The key passage of this essay charts a subtle but important shift :

Mabey’s entire project could be summarised as a movement along a single axis between culture – land practice or literature, science, the visual arts, sculpture, whatever – and nature. It is metaphorically and actually rooted in a soil of real, living things. Almost every one of the books involves movement between those two poles. In Macfarlane’s work and in so many of the new books, nature and culture have been replaced by landscape and literature. It may seem a relatively small shift in emphasis but one cannot help pondering its significance.

He also considers William Atkins’ The Moor:

The Moor attempts to explore the cultural purpose and meaning of some of the most forsaken, yet most contested, semi-natural places in Britain. They are the gritstone uplands, dominated by heather, mosses and lichens but also now by sheep and by red grouse. This intermittent column of high ground serves as England’s vertebrae from Cornwall to Cumbria. Yet a striking anomaly about The Moor, which looks more significant in view of the recent widening gulf between north and south, is its billing as a book about British uplands, when Atkins barely crosses the English border. Yet Scotland holds twice as much grouse moorland – two million acres – as England and Wales combined.

In truth, the author is most comfortable tackling the historical and inherited psychological roles of such landscapes as described in the literary works of W H Auden, the Brontës, Ted Hughes, Sylvia Plath or Henry Williamson. There are, for instance, far more titles in the bibliography concerning the sexual politics of Hughes and Plath than there are about the environmental politics of red grouse and hen harriers.
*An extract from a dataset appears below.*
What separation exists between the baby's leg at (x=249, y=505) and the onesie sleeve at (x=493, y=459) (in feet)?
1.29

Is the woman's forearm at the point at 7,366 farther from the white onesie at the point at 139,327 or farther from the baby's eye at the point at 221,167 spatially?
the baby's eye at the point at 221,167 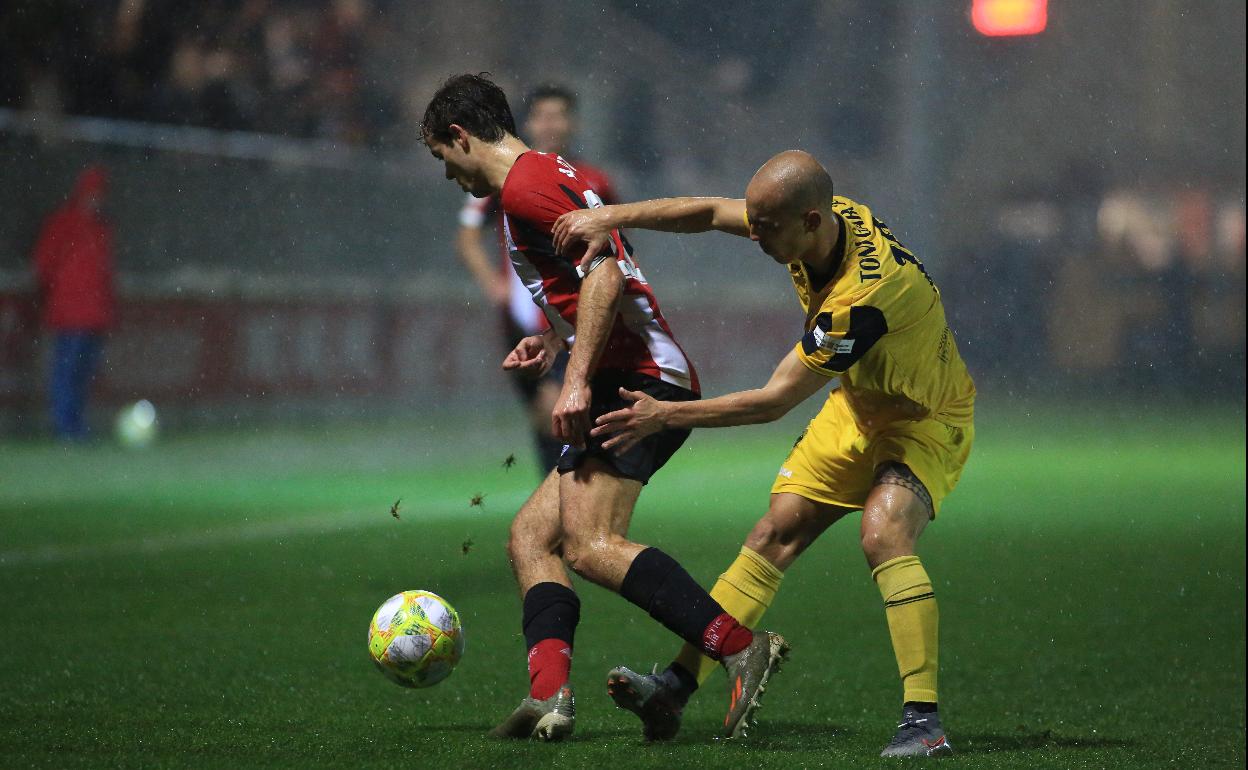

Does that matter? It does if you consider that most moorland exists today to deliver a cash crop of grouse to a super-rich elite who think little of paying between £3,000 and £12,000 per person for a day’s shooting. Just as significant is that you and I, through our taxes, help to subsidise those little luxuries. As a consequence of management that aims to create the maximum possible grouse bag and therefore raise the most money, grouse moor owners have almost extinguished the predatory hen harrier from England and substantially reduced its potential numbers in Scotland.

The shift from writing about nature to writing “about” landscape, literature and human culture – our own “projects”- involves itself a kind of loss. Cocker ends with an Emerson quote that reminds me of Yeats’ “rag-and-bone shop of the heart” :

Does this mean that all nature books have to be filled with the grief and pain of loss? Of course not. But they have to navigate – as McCarthy endeavours to do – between joy and anxiety. Nature writers must ponder and engage with these troubling realities. Otherwise, we are just fiddling while the agrochemicals burn.

The real danger is that nature writing becomes a literature of consolation that distracts us from the truth of our fallen countryside, or – just as bad – that it becomes a space for us to talk to ourselves about ourselves, with nature relegated to the background as an attractive green wash. The project of re-enchantment might restore to us a canon of lost writings about the eeriness and mystery of our landscape. Yet, as Emerson warned in his essay “Nature”, what worth is there in words that have no real soil at their roots?